» Extracted data
----

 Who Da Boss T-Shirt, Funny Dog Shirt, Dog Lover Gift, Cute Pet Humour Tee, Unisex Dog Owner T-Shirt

----

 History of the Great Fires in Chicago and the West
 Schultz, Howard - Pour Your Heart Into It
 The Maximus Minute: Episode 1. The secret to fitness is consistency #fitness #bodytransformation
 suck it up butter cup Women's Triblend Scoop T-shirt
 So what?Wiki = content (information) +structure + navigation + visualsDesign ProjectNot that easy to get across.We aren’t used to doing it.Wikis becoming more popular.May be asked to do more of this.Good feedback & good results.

----

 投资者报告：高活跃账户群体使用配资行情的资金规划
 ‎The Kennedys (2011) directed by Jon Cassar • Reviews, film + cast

----

Beginning with the line containing "History of the" and ending with the line containing "suck it up butter", extract those lines exactly from the listing above, and only those.

 History of the Great Fires in Chicago and the West
 Schultz, Howard - Pour Your Heart Into It
 The Maximus Minute: Episode 1. The secret to fitness is consistency #fitness #bodytransformation
 suck it up butter cup Women's Triblend Scoop T-shirt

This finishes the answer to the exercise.